Wednesday, August 14, 2013

Reading promiscuously

I was visiting Rishi Valley over the weekend and was invited to speak at the Junior School assembly about anything I wanted to. I elected to talk about SFF, because I figured this was something that would bring together readers from the ages of 8-14 most happily.

Surprisingly enough, though they've read a lot of what's marketed as YA today, they really haven't read much SFF at all - or what my generation would call science fiction and/or fantasy. Not much Tolkien (the films, yes; the books, not really), no Asimov, Clarke, Bradbury. No Poe (I'm widening the category here to include all kinds of possibilities), no le Guin (not even Earthsea) - I could go on.

(And yet, nearly everyone had read Alice and quite a few had read The Phantom Tollbooth. This made me happy.)

At the end of the talk, the people who'd invited me to speak told me that the problem was that the kids read too much of this stuff and not enough of "real life" fiction.

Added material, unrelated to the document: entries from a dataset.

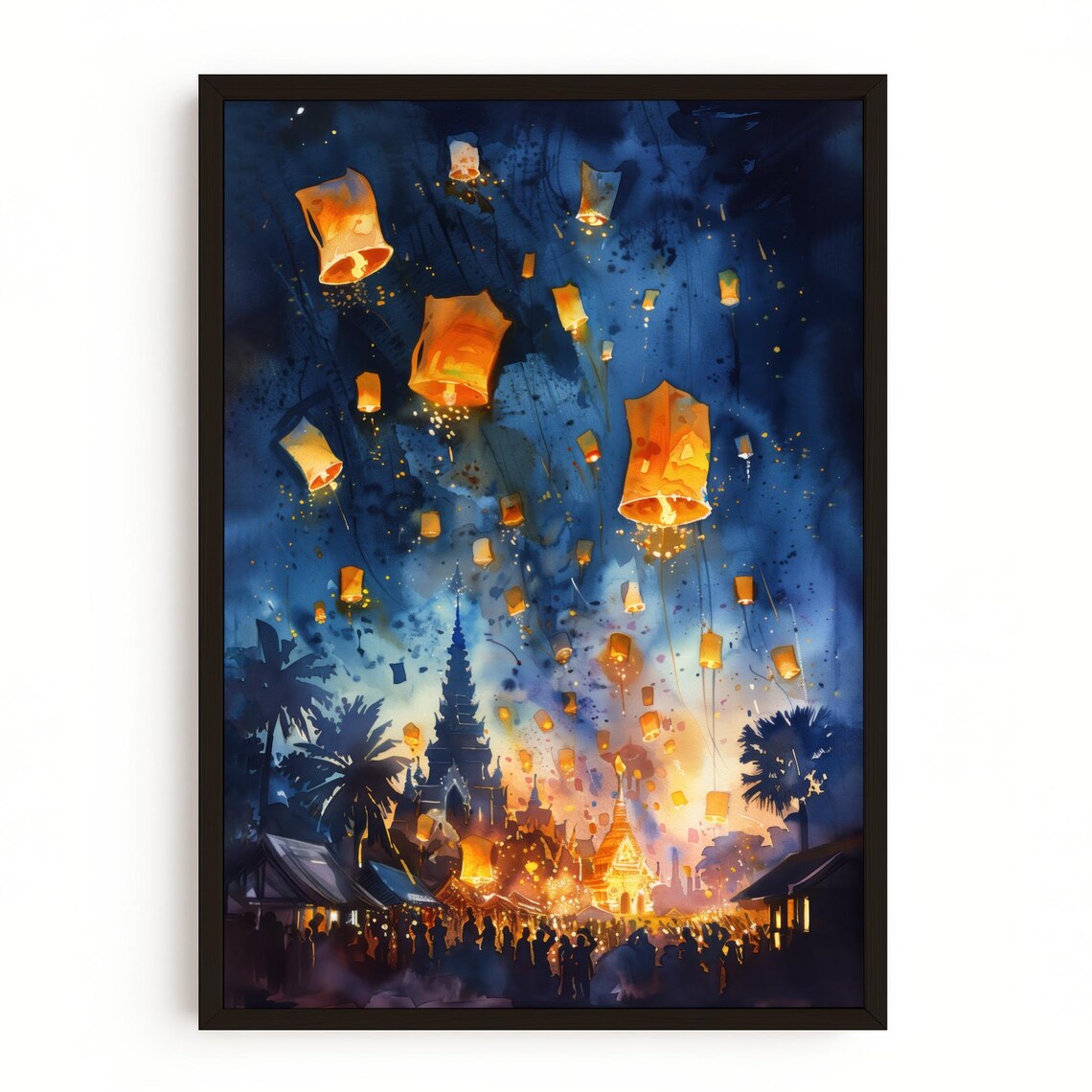 Yi Peng Lantern Festival Night Watercolor Thailand Temple Poster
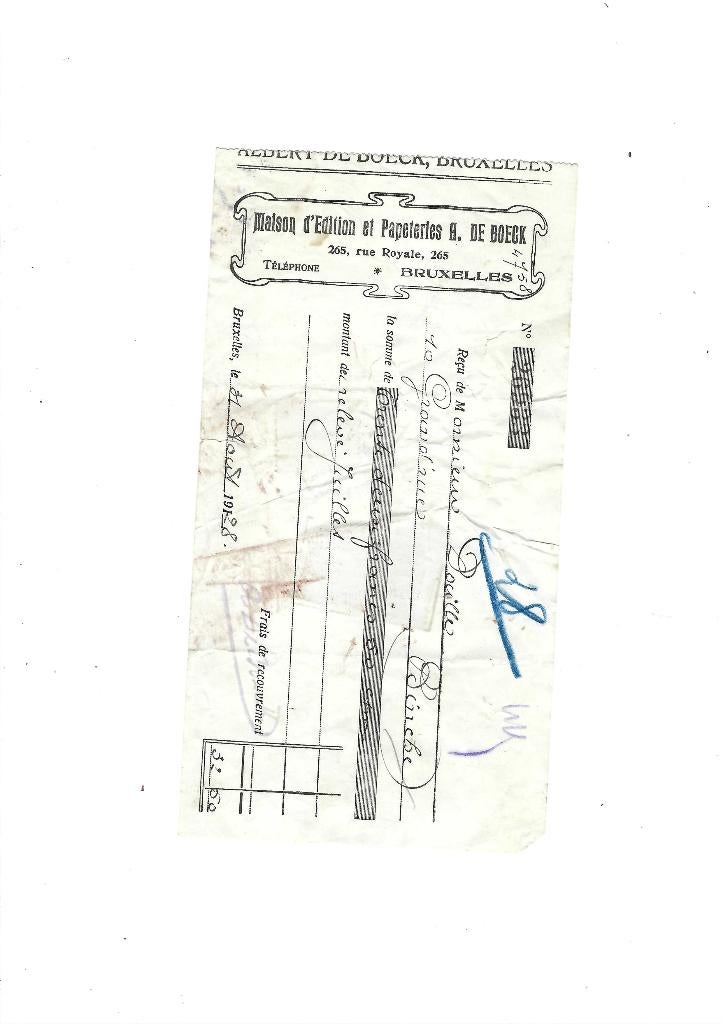 Ancien reçu 1928, Collections, Enlèvement ou Envoi, Utilisé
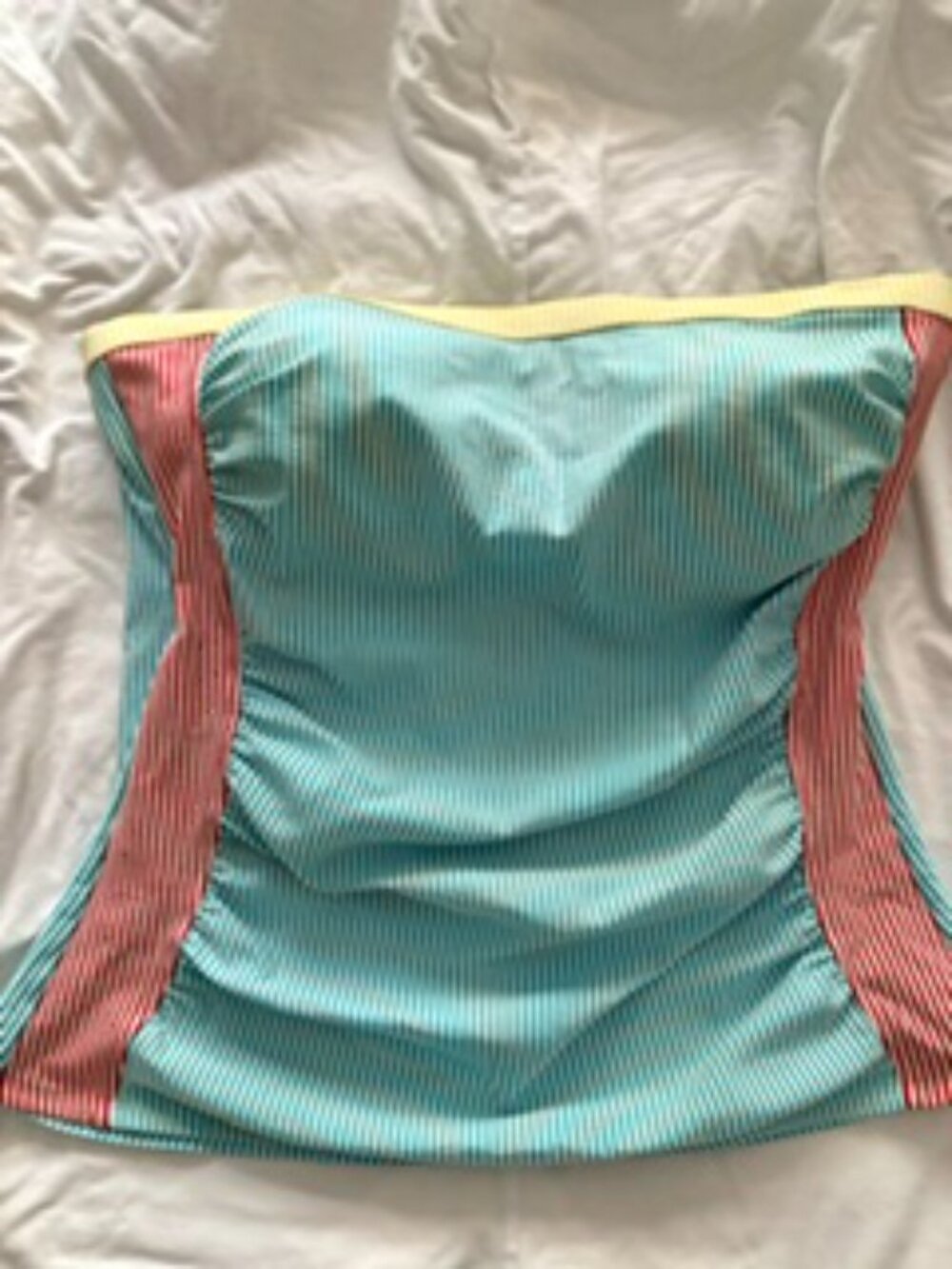 Land's End 2 pc Bandeau Tankini + midrise bottoms sz 14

"Really?" I thought. Because I thought I'd established that the kids had actually read almost nothing of SFF. It turns out that what they meant was that the kids are reading only the Riordans and the George RR Martins and the Amish Tripathis.

I didn't have the time to argue this properly. I was just a little surprised at the attitude, though god knows I shouldn't be any more. I was a little more concerned that my friends seemed to be falling on the side of carefully directed reading.

Me, I'm all for promiscuity in reading. I think children of whatever age should be able to pick any book off any shelf that seems attractive to them at the time without having some adult at their back telling them, 'Oh, this has bad language' or 'You won't understand this until you're older.'

I mean, yes, they may not understand something or may be shocked or delighted by the language; they may even be reading something out of purely prurient interest but what really shocks me is how adults can forget that they were exactly like those kids; and if they think they turned out okay, why would they believe these children won't?

Anyway.

If there's an objection to the category of fiction marketed as YA today, it is that it is too narrow, a mere cul de sac instead of even a street or a neighbourhood, much less the wider world. What these books do (like the adults I am sort of in lapsed dialogue with now) is distrust the intelligence of the children to understand complexity or to experience a world that is unavailable to them except through words.

I remain unconvinced that Stories About Real People will redress this lack in YA fiction. I read a lot of teen fiction, for instance - a 21st century take on the school story - and it's a sub-genre just like Mallory Towers or St. Clare's and no less bound by its own conventions that those books.

I also doubt that those children read only the kind of books the teachers seem to object to, but if that is indeed the case, the solution is surely not to discourage a certain kind of reading but to encourage another kind?

God knows, I read enormous quantities of rubbish growing up. All the Sidney Sheldons and Jeffrey Archers; books whose names I vaguely remember but whose authors I've forgotten (The Thorn Birds? Beyond the Blue Mountains?). Hey - my parents didn't even keep those Rugby Jokes out of reach. I could read absolutely anything I wanted and as far as I can tell they didn't allow themselves an opinion on whether it was 'good for me' or not.

They may not have thought of it that way, but what they encouraged was promiscuity in reading without thought to the moral or the lesson or the nutrient-value of the book in question. I wish schools would be as hands-off with the kids in their charge.

In celebration of which, this post:"May they always come for the unbuttoning and find that they stay past the remaking of the bed."

4 comments:

amruta said...

Thanks. Sharing.

Space Bar said...

Amruta: Thanks - it seems to have reached a number of people!

Anonymous said...

I studied at Rishi Valley, and I was always being told what to read, and what not to. Books were kept in the admittedly gorgeous library, but the librarian and various faculty members monitored your reading quite carefully. It was deeply frustrating, given that different children read at different paces, and in different areas.

I don't think young minds are harmed by a width of material, whether it is pulp, or SF or anything else. Some material is beyond understanding, at that age - but coming back to them later is equally possible, and equally a delight.

I huddled in Rishi Valley's library and read Mrs. Dalloway, at age 14, despite being told not to. Coming back to it ten, fifteen years later, I understood it better. Reading it back then, however, did no damage (unless opening your mind is damage).

Space Bar said...

Anon: Mail me? I'd really like to know more and I respect your wanting to remain anonymous on my blog.

I have to say, it wasn't like that when I was in RV. I wanted to and could read what I wished - Steinbeck and Beckett and Synge at 14 with as much interest as Mary Stewart or any other lighter fiction.

It worries me, this tendency and I'll like to know more.